Gehirn-Computer Schnittstellen (BCI) revolutionieren die menschliche Gesundheit. Die Komponenten können die Gehirnaktivität „lesen“ und das Gehirn stimulieren, um Fähigkeiten zu reaktivieren, die durch genetische Veranlagung, Unfälle, Krankheiten oder andere Ursachen verloren gegangen sind.

Je mehr Daten der Computer erhält, desto besser sind die Kommunikationsergebnisse. Die Technologie hat sich enorm weiterentwickelt: Zwischen 1950 und 2010 ist die Zahl der gleichzeitig erfassten einzelnen Neuronen exponentiell gestiegen und hat sich alle 7,4 Jahre verdoppelt. Aktuelle Daten zeigen einen Anstieg auf 106 gleichzeitig erfasste Neuronen.

AMI: Was technologisch möglich ist…

Cochlea-Implantate (CI)

bei Taubheit: Eine Elektrode in der Hörschnecke stimuliert die Neurorezeptoren des Innenohrs. Sie ist verbunden mit einer implantierten Elektronik, die Signale von einem externen Hörprozessor und einem Mikrofon erhält.

Tiefe Hirnstimulation (DBS)

zur Behandlung von Parkinson und anderen Bewegungsstörungen: Ein Impulsstimulator (IPS) Ein Impulsstimulator (IPS) wird in die Brust implantiert und mit Elektroden im Gehirn gekoppelt, um den Tremor zu unterdrücken.

Stimulation des Rückenmarks (SCS)

gegen chronische Rückenschmerzen: Elektrische Signale werden ans Rückenmark gesendet.

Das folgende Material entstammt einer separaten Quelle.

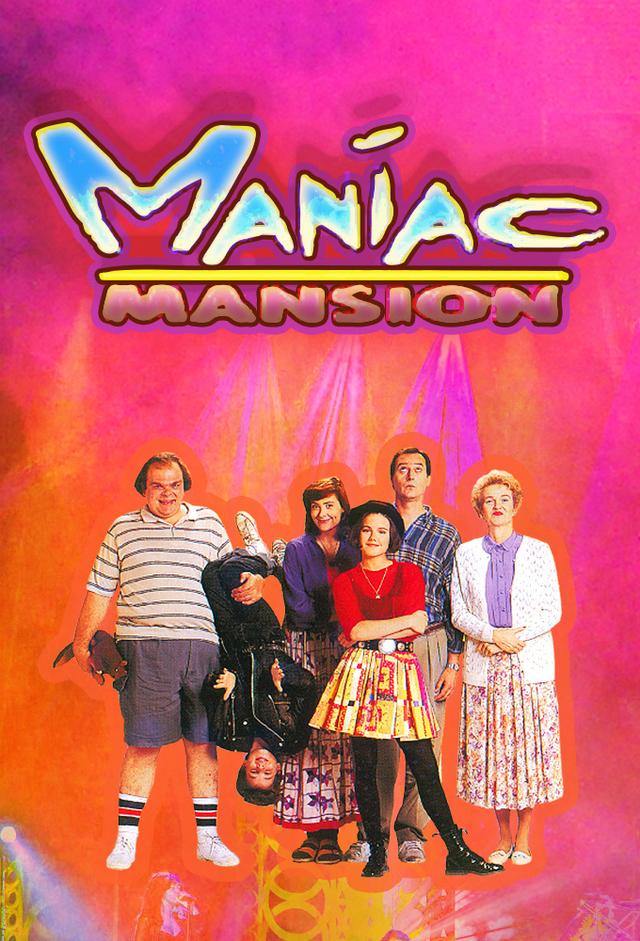 Maniac Mansion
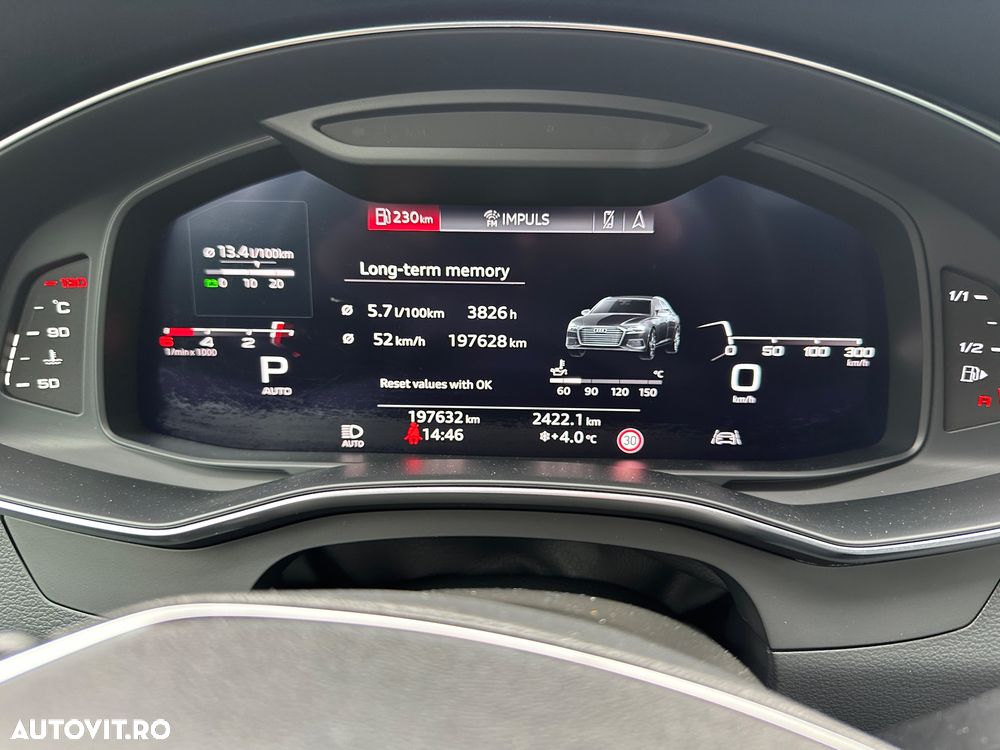 Audi A6 40 TDI S tronic sport - 8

Paddel-Elektroden sind mit einem IPS im Rücken verbunden. Die Simulation blockiert Schmerzsignale an Nervenwurzel.

Sakralnervensimulation (SNS)

gegen Harn- und Stuhlinkontinenz: Stimulation der Nerven durch Elektroden, die an ein IPG angeschlossen sind, ermöglicht die Fernsteuerung der Blase und der Schließmuskeln.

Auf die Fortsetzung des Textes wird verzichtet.